Oct. 10, 2017.
Reform of the Vatican’s finances has been a top priority for Pope Francis. However, after some initial successes he has now suffered several serious reverses:
- An independent financial audit of the Vatican’s finances by PwC was abruptly halted
- Cardinal Pell who heads the new Secretariat of the Economy is in Australia facing sexual abuse charges in court which could see him away from Rome for a year – and no replacement has been appointed
- The highly respected Auditor General Libero Milone was appointed on a 5-year contract but left after 2 years. Milone says he was forced to quit after finding irregularities.

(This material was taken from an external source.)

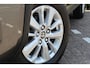 Toyota Yaris Cross 1.5 Hybrid Dynamic Special | Rijklaar | Head Up | Blind Spot | Sensoren v+a | Stoel-/stuurverw. | LED | Keyless | Apple/Android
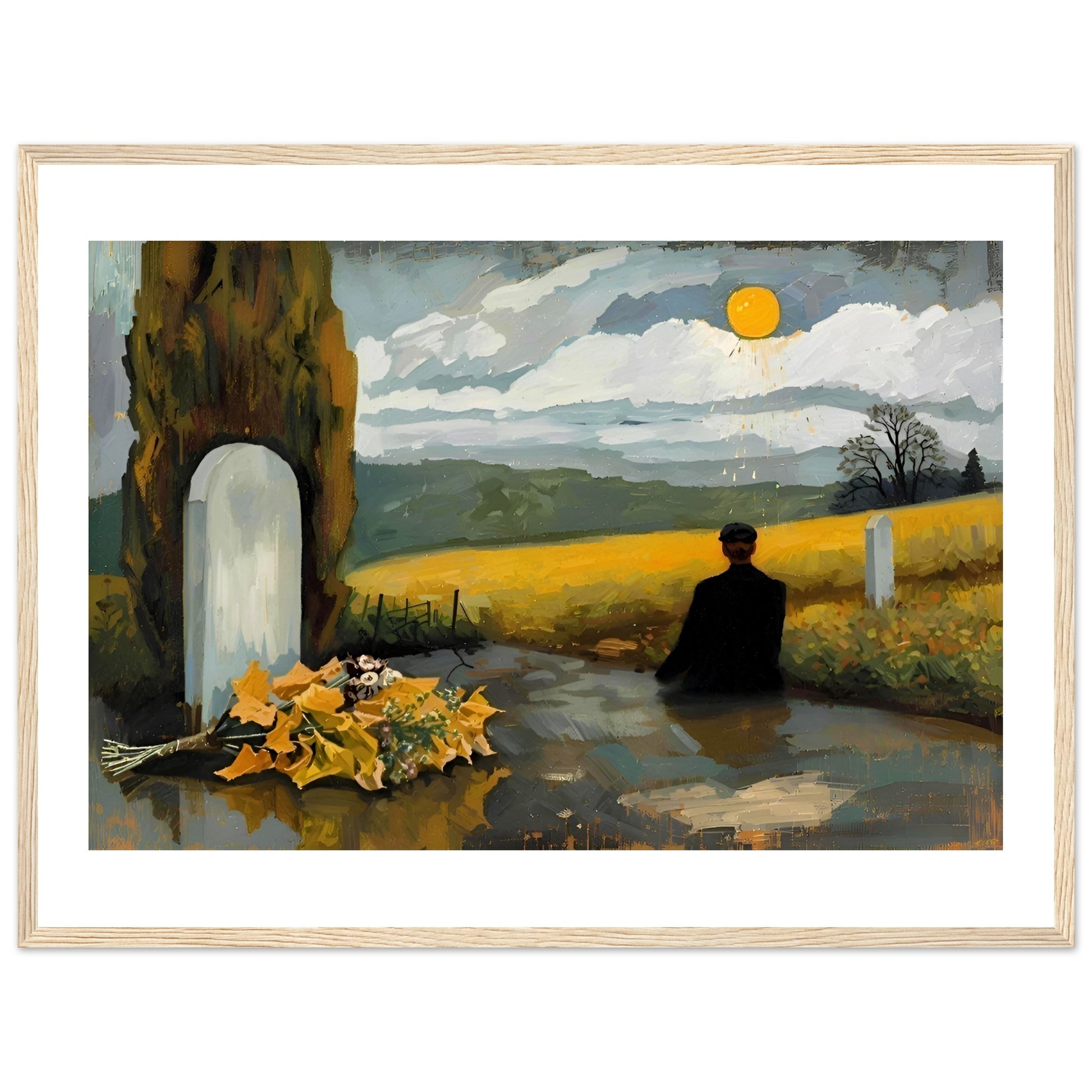 ed97c67e-8e3c-423b-9d4a-76ab64866ddd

It appears obvious that some powerful members of the Curia do not want transparency in financial matters. The problem seems to lie in Vatican culture, where each Vatican department guards its autonomy. While most Vatican departments now prepare accounts covering their running costs, there are no public accounts of the Vatican’s property and investment portfolios, which are spread over a number of departments. The Vatican’s property portfolio is estimated at €10billion but these details are kept secret.

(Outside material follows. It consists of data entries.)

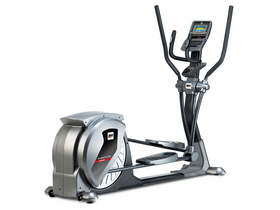BH Fitness Khronos Generátor ellipszis tréner (G260) BH Fitness Khronos Generátor ellipszis tréner (G260)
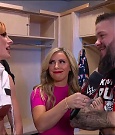 Filename=WWE_Raw_Talk_2022_07_18_720p_WEB_h264-HEEL_mp4_001340187.jpg
Filesize=219KiB
Dimensions=1280x720
Date added=Jul 19, 2022 WWE_Raw_Talk_2022_07_18_720p_WEB_h264-HEEL_mp4_001340187.jpg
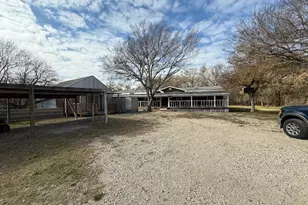 129 Mill Creek Dr, Weatherford, TX 76085 - Photo 22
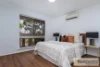 17 Frys Lane, Armadale, WA 6112-Image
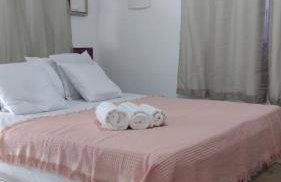 cantinho acolhedor - Photo 47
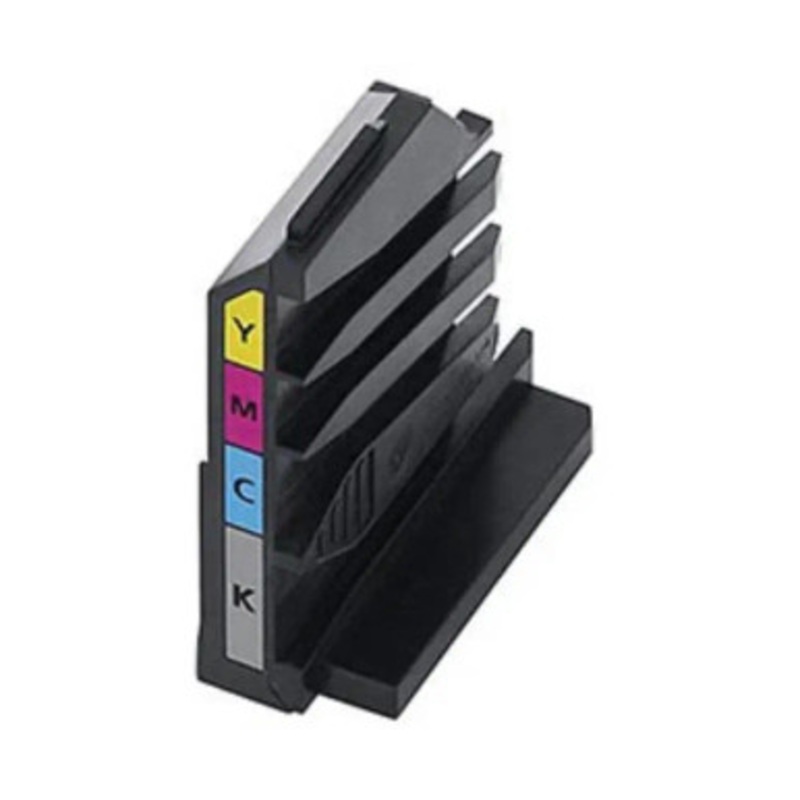 Samsung CLT-W406 Wast Tank | CLT-W406
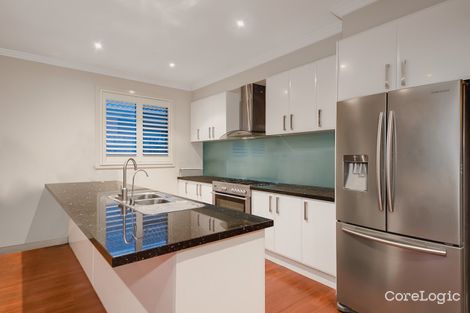 Property photo of 61 Diamond Parade Skye VIC 3977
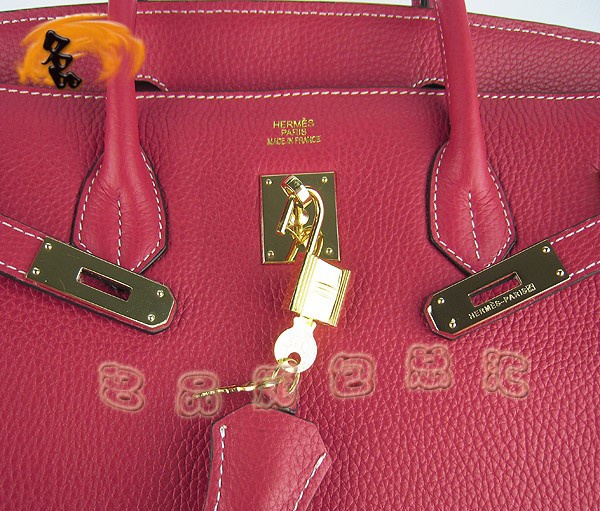 6099 Hermes ¿ K Ů Hermes 40 Birkin (i)R Birkin Bag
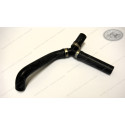 Radiator Hose KTM cpl. BTLVP 47035024000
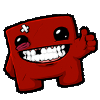 www.newgrounds.com
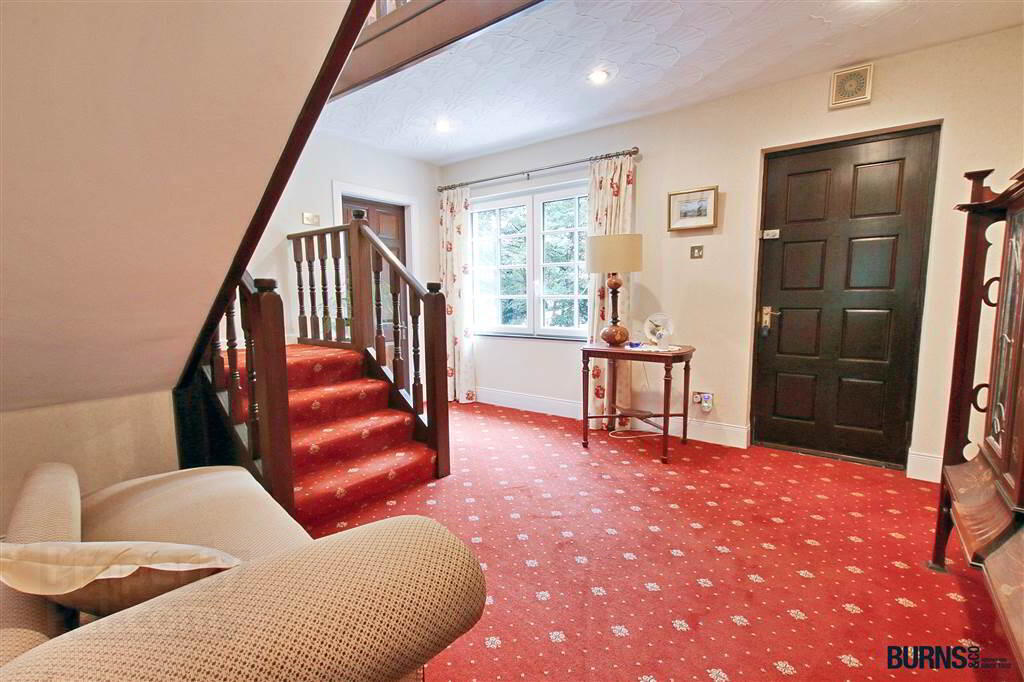 'Millbrook', 31 Ardreagh Road 10 of 51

Pope Francis has said: “If we don’t know how to look after money, which we can see, how can we look after the souls of the faithful, which we cannot?”

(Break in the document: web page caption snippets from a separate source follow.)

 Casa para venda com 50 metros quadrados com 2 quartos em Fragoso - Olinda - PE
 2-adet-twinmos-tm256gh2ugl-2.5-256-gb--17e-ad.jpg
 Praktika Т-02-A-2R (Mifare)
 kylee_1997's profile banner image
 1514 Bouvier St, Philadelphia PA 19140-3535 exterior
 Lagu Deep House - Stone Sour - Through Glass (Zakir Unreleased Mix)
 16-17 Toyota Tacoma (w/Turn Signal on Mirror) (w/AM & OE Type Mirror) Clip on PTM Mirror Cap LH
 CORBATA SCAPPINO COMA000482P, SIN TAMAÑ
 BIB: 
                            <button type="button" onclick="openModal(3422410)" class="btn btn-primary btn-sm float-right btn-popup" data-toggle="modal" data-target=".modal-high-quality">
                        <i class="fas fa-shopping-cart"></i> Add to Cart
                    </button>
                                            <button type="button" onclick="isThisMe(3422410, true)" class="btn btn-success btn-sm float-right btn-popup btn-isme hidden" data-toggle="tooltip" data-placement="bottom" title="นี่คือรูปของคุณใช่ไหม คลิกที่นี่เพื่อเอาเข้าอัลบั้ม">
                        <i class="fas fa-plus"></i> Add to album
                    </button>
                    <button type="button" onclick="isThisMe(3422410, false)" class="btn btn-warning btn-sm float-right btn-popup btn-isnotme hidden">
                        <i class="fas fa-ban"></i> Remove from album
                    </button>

We Are Church International fully supports Pope Francis’ financial reforms aimed at accountability and transparency. “We call on Pope Francis to appoint a new head at the Secretariat of the Economy to replace Cardinal Pell, whose 5 year term would in any case end in 2019” said Sigrid Grabmeier, Chair of We Are Church International. “The new head should be a layperson with experience in change management in complex organizations. This is essential in giving the people of the Church a sense that the Vatican understands the importance of being open about its finances. It will increase the sense of trust donors have in the Vatican.”
We Are Church International (IMWAC) founded in Rome in 1996, is a global coalition of national church reform groups. It is committed to the renewal of the Roman Catholic Church based on the Second Vatican Council (1962-1965) and the theological spirit developed from it.